As cute as it is dont feed the animals people, its for their own good and for our own safety in some cases particularly the little ones, even the size of these little guys they could do some serious damage if they were frightened or felt threatened.
After a bite to eat we decided to go and check out the other campground before heading to the falls.
Kookabitta is a smaller campground with about maybe 8 sites. There are tables and firepits, drop toilets and an undercover BBQ area. The view of the river is much clearer and its easier to access than at Lemontree.
From Kookabitta we headed to Macintrye Falls where there are few walks and views of the gorge below.
View from the lookout
Looking down into the swimming hole from the lookout
There are two lookouts at the Falls area.
We headed down the track along the Rock Pool Walk which takes you down to the water hole you can see from the first lookout.
Start of the Rock Pool Walk
A very tall Cactus Tree
There are steps to navigate on this track
As you get towards the bottom you are walking/rock hopping across the boulders
Looking downstream from the water hole
The little waterfall was running when we were there, and i can only imagine how spectacular it would be after rain!

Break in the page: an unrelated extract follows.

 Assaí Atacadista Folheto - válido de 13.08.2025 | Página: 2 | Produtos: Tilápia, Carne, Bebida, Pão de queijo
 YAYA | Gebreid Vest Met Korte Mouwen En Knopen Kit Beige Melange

We headed back to camp for a nice relaxing afternoon in the shade – well that was the original plan. When we got back to camp i saw the sign for the Dungeon Walk and we decided that we were already in walking mode we may as well keep going.
The Dungeon Walk
The dungeon walk. Hmm. This is one of those funnier after the fact stories. We had downloaded the NSW National Parks app which allows you to download info for offline use, which is great as there is very limited phone service in the park, however we hit a small fault with this walk. There was little info about the walk and a picture showed the walk sign – 1km walk via the Junction Walk. Now Junction Walk track left the campground not far from our campsite, so i thought perfect, a small little lookout walk to end the afternoon.
We jumped on and off the track to check out/try to find the river and look at the flood debris that was around the area.

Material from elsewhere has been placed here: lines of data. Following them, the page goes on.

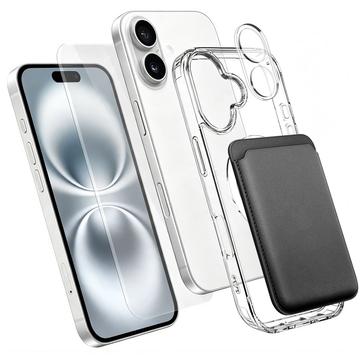 iPhone 16 4-in-1 MagSafe -suojasarja korttitaskulla - kirkas / musta
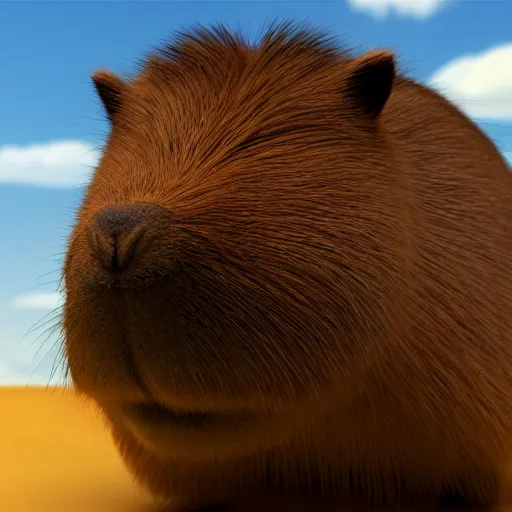 Prompt: disney pixar style capybara, 3D animation, 4k render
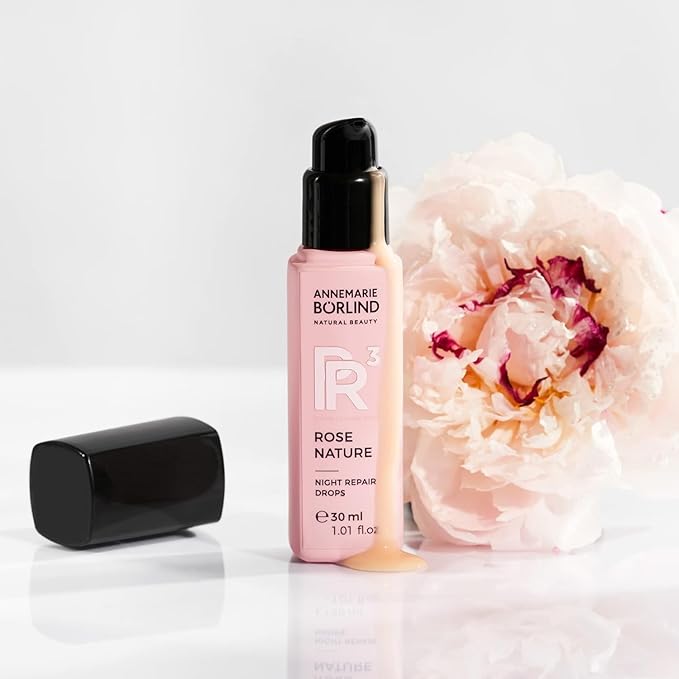 ANNEMARIE BÖRLIND ROSE NATURE Night Repair Drops (1.01 Fl Oz) - Maintains the skin's melatonin balance, PR3 rose complex reduces the effects of blue light, vegan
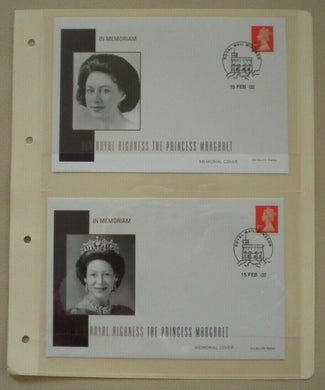 2002 HER ROYAL HIGHNESS THE PRINCESS MARGARET IN MEMORIAM DOUBLE STAMP COVER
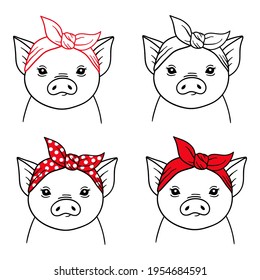 Pig with bandana svg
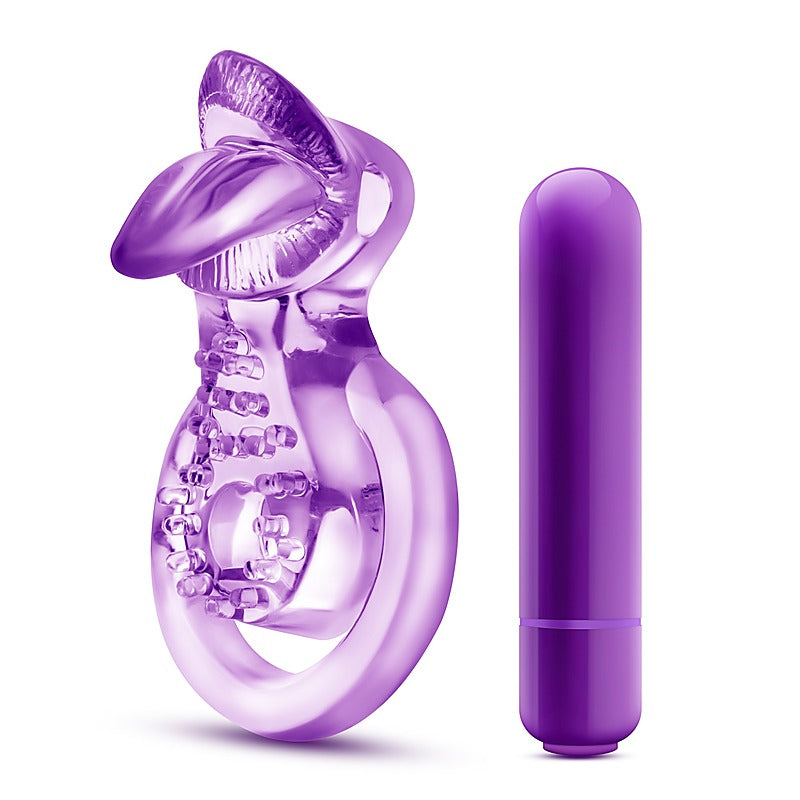 Play With Me Lick It Vibrating Cock & Ball Rings - Ball and Cock Toys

The little side arm area in front of the campground that still had some water left in it
This guy was soooo tall!!
The track is well marked
Nature’s Easter Egg ?
The track was very well maintained and has markers along the trail so you know where the path is and was free from debris, but beware of the little cactus that jump out of nowhere onto you – those suckers hurt and are a pain to get rid of, i was pulling teeny tiny thorns out of my leg and fingers for quite sometime.

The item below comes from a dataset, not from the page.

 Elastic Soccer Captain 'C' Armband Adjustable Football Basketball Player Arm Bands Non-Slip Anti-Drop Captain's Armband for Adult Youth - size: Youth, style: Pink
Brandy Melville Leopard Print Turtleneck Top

After a little while, we were like this is a very long 1km walk and we aren’t anywhere near a high point for a lookout. We started to doubt this was actually a 1km walk and started to wonder if in fact the lookout was a detour off the Junction Track which was about 7km round trip, which we weren’t looking for at this time of day.
We opted to walk for another 20 mins and if we didn’t see/find anything we would turn around and head back to camp, before sunset. Right on the 20 minutes mark we started to climb and found a pretty awesome view.
The view was pretty special
Looking towards Dungeon Lookout
The Severn River has huge granite slabs on its edges, some with scars from being ground down under the pressure of flooding water mixed with gravel.
We also managed a little bit of signal to access – yep you guessed Google Maps – which showed where we were on the track and sure enough the Dungeon Lookout was still a good 1km away. Given we’d come this far already we decided to push on.
The Dungeon lookout is a great spot to view the Severn rushing through a deep river gorge with steep granite walls and cascades. This is a relatively easy walk, but keep an eye on the kids as the track contours along the cliff line at some spots. We even saw a few little billy goats. Interesting (or maybe not), as goats are not natural to the park area, NPS have an action plan to rid the park of the wild goats by tagging and releasing one goat then tracking it down once it joins an established herd, which means they can capture a bigger herd – a silent assassion goat – cant say we’ve heard of this method before!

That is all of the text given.